Phase 5: API Binary Download Endpoint
Goal: Support deployments where shared Docker volumes are impractical (Kubernetes, ECS, remote Docker hosts).
Effort: 1 day
Dependencies: Phase 1 (agent binary exists)
5.1 New API Route
Add to crates/api/src/routes/:
GET /api/v1/agent/binary
GET /api/v1/agent/binary?arch=x86_64 (default)
GET /api/v1/agent/binary?arch=aarch64
Response: application/octet-stream
Headers: Content-Disposition: attachment; filename="attune-agent"
The API serves the binary from a configurable filesystem path (e.g., /opt/attune/agent/attune-agent). The binary can be placed there at build time (baked into the API image) or mounted via volume.
Configuration (config.yaml):
agent:
binary_dir: /opt/attune/agent # Directory containing agent binaries
# Files expected: attune-agent-x86_64, attune-agent-aarch64
OpenAPI documentation via utoipa:
#[utoipa::path(
get,
path = "/api/v1/agent/binary",
params(("arch" = Option<String>, Query, description = "Target architecture (x86_64, aarch64)")),
responses(
(status = 200, description = "Agent binary", content_type = "application/octet-stream"),
(status = 404, description = "Binary not found for requested architecture"),
),
tag = "agent"
)]
Authentication: This endpoint should be unauthenticated or use a simple shared token, since the agent needs to download the binary before it can authenticate. Alternatively, require basic auth or a bootstrap token passed via environment variable.
5.2 Bootstrap Wrapper Script
Provide scripts/attune-agent-wrapper.sh for use as a container entrypoint:
#!/bin/sh
# attune-agent-wrapper.sh — Bootstrap the Attune agent in any container
set -e
AGENT_DIR="${ATTUNE_AGENT_DIR:-/opt/attune/agent}"
AGENT_BIN="$AGENT_DIR/attune-agent"
AGENT_URL="${ATTUNE_AGENT_URL:-http://attune-api:8080/api/v1/agent/binary}"

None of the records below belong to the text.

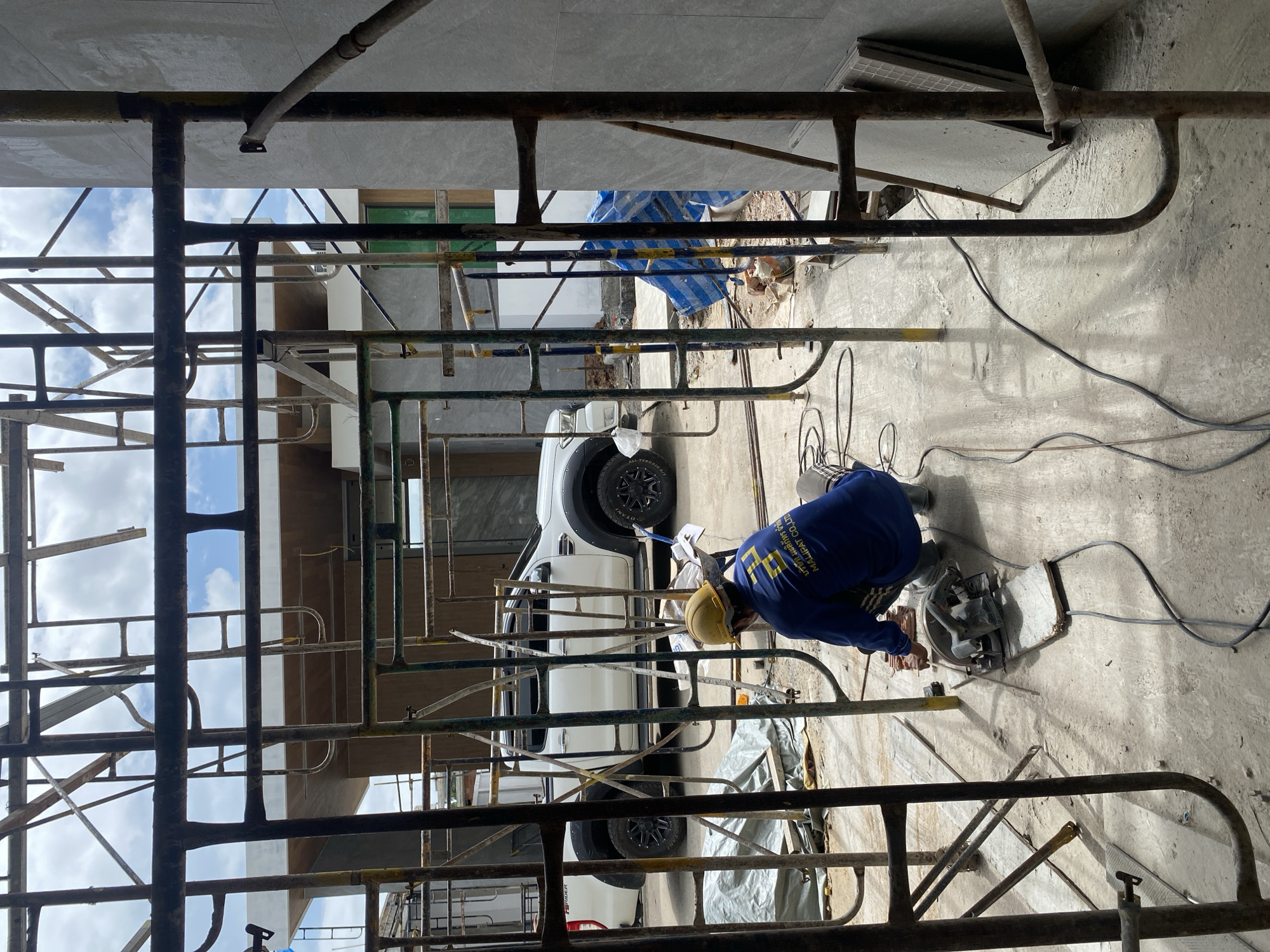 Early morning construction work continues in Choeng Thale, Thailand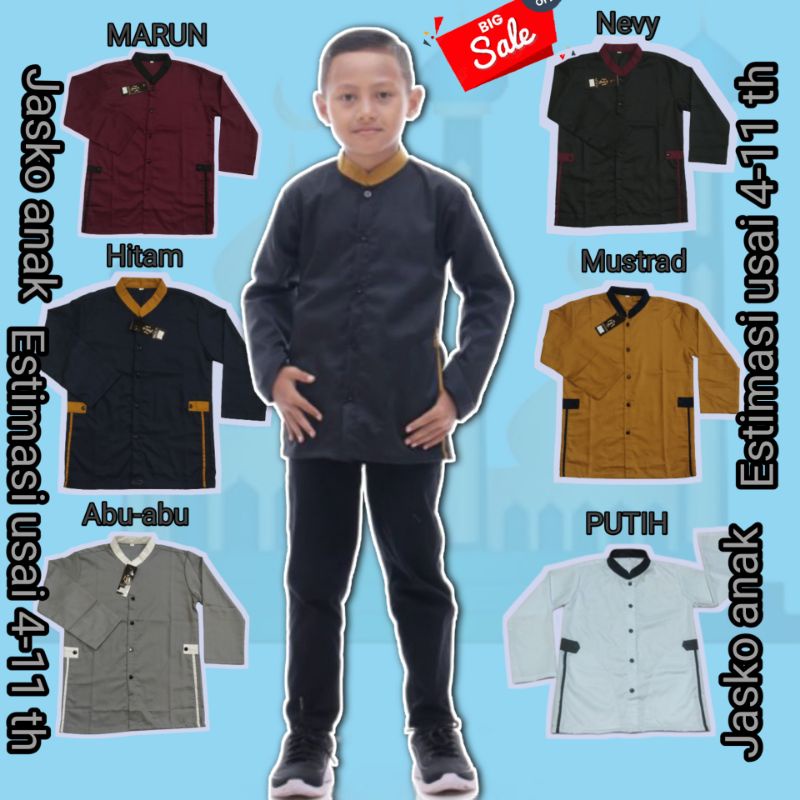 Baju Koko Anak Laki laki Lengan panjang Pakaian Muslim Terbaru Jasko Gus Azmi Usia 4 6 8 10 Tahun premium Toyobo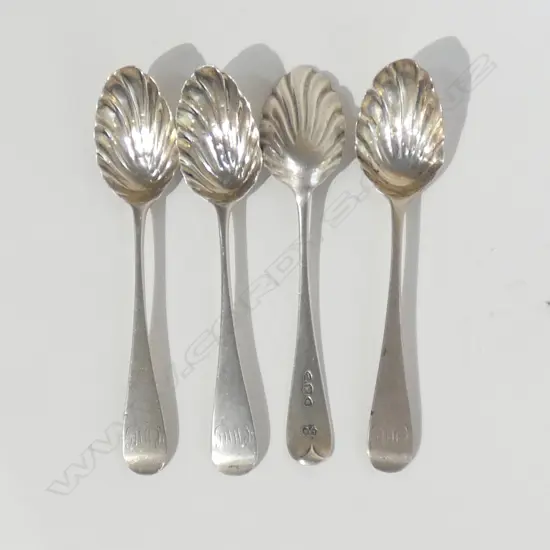 FOUR LONDON 1895 SILVER TEASPOONS OLD ENGLISH PATTERN  40gm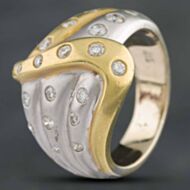Pre-Owned 18ct Two Colour Gold Brilliant Cut Diamond Swirl Matte Finish Dress Ring 431215623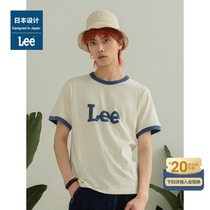 Lee mall with the same 21 summer new standard edition round neck navy blue mens short-sleeved T-shirt trend LMT001476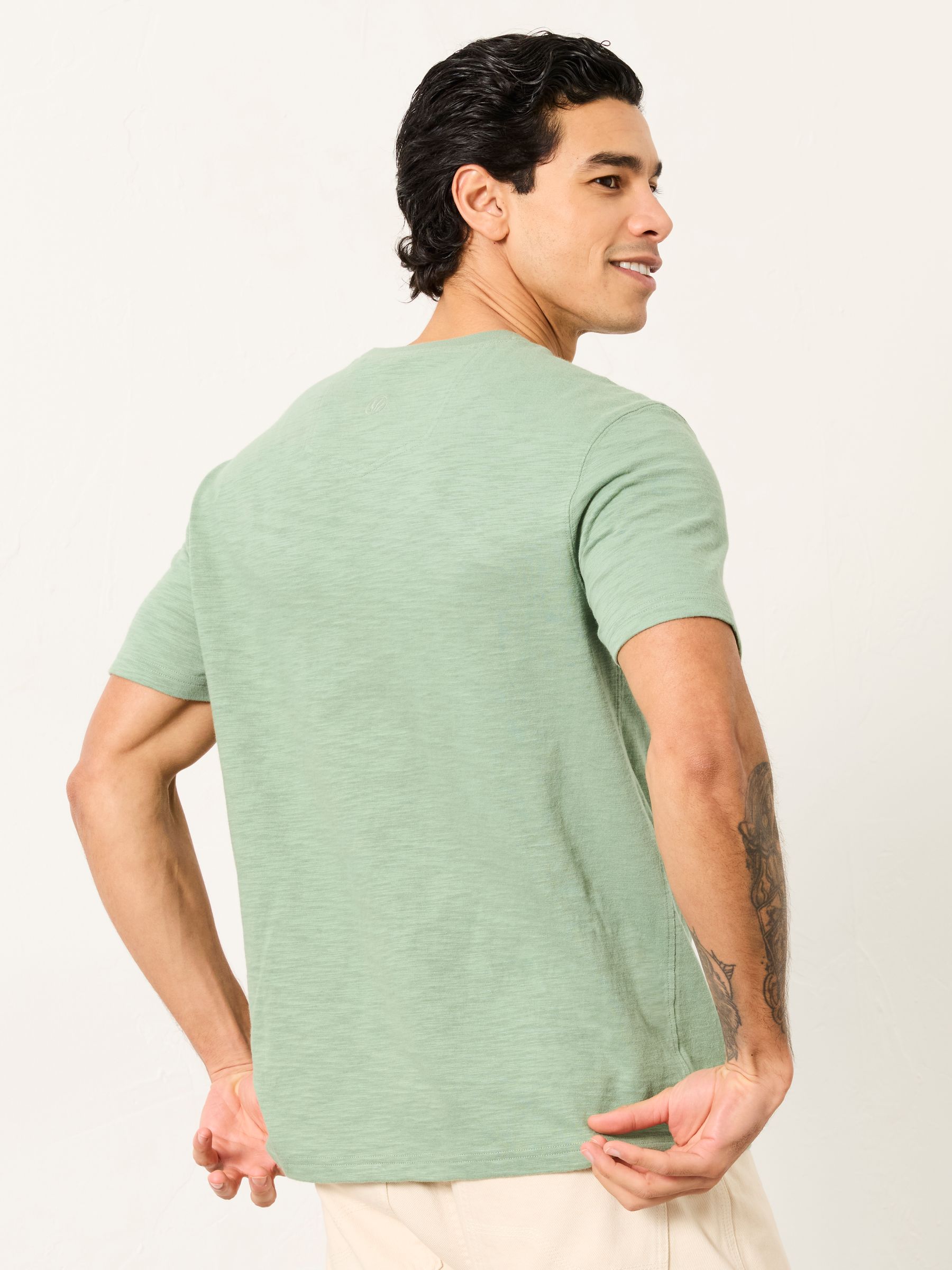 Sage Green Stamp Graphic T-Shirt - Image 2 of 6
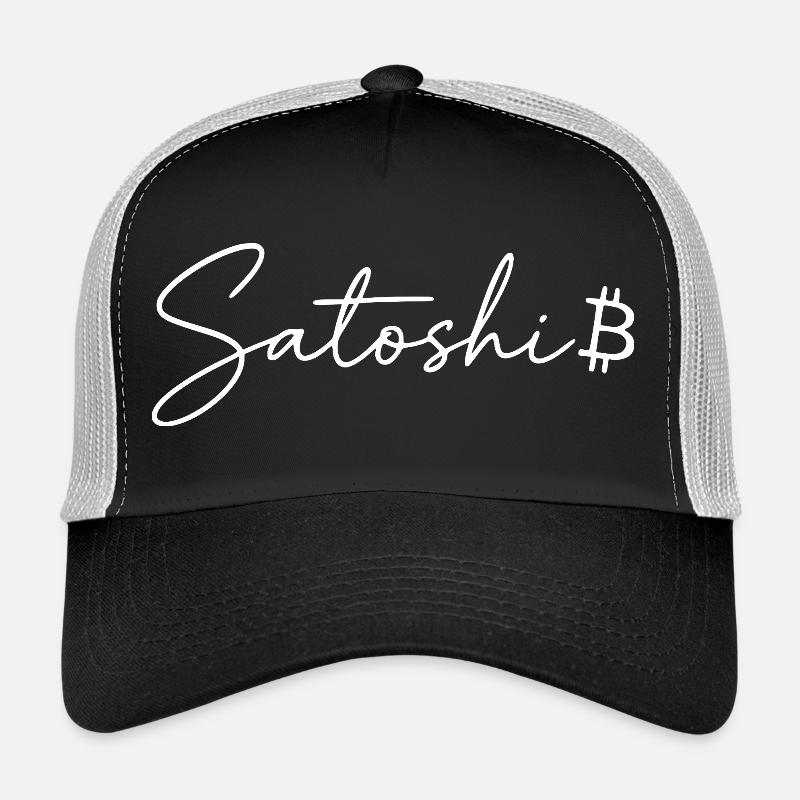 Satoshi Lettering Bitcoin Symbol Script Crypto Trucker Cap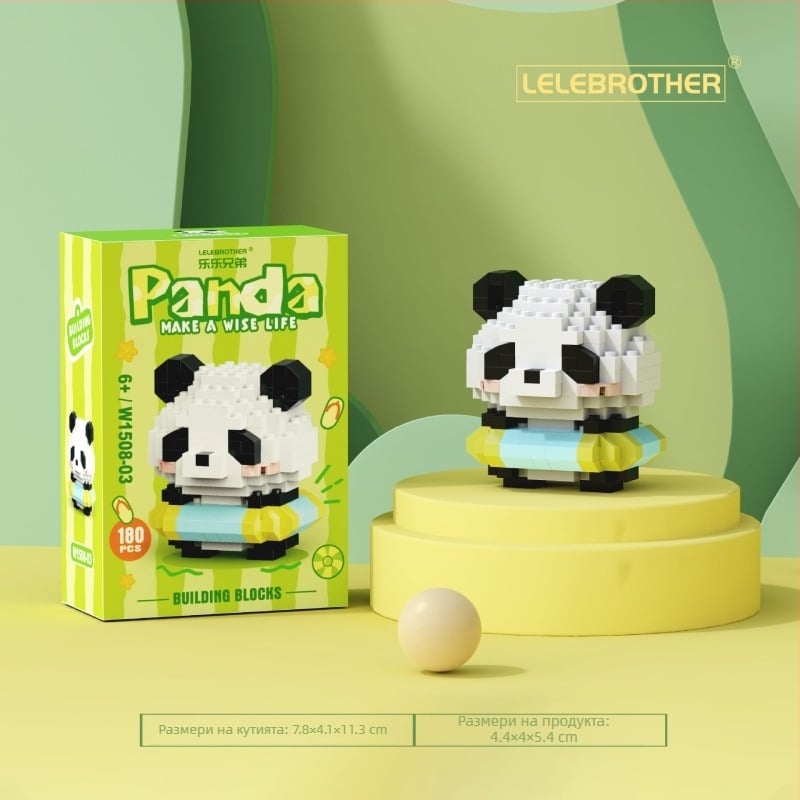 LEGO-съвместим Panda National Treasure карикатурна фигура, комплект строителни блокчета от ABS пластмаса, 100-200 части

# Use volume-mounted binary if available, otherwise download
if [ ! -x "$AGENT_BIN" ]; then
echo "[attune] Agent binary not found at $AGENT_BIN, downloading from $AGENT_URL..."
mkdir -p "$AGENT_DIR"
if command -v wget >/dev/null 2>&1; then
wget -q -O "$AGENT_BIN" "$AGENT_URL"
elif command -v curl >/dev/null 2>&1; then
curl -sL "$AGENT_URL" -o "$AGENT_BIN"
else
echo "[attune] ERROR: Neither wget nor curl available. Cannot download agent." >&2
exit 1
fi
chmod +x "$AGENT_BIN"
echo "[attune] Agent binary downloaded successfully."
fi
echo "[attune] Starting agent..."
exec "$AGENT_BIN" "$@"
Usage:
# In docker-compose or K8s — when volume mount isn't available
worker-remote:
image: python:3.12-slim
entrypoint: ["/opt/attune/scripts/attune-agent-wrapper.sh"]
volumes:
- ./scripts/attune-agent-wrapper.sh:/opt/attune/scripts/attune-agent-wrapper.sh:ro
environment:
ATTUNE_AGENT_URL: http://attune-api:8080/api/v1/agent/binary
Phase 6: Database & Runtime Registry Extensions
Goal: Support arbitrary runtimes without requiring every possible runtime to be pre-registered in the DB.
Effort: 1–2 days
Dependencies: Phase 2 (auto-detection working)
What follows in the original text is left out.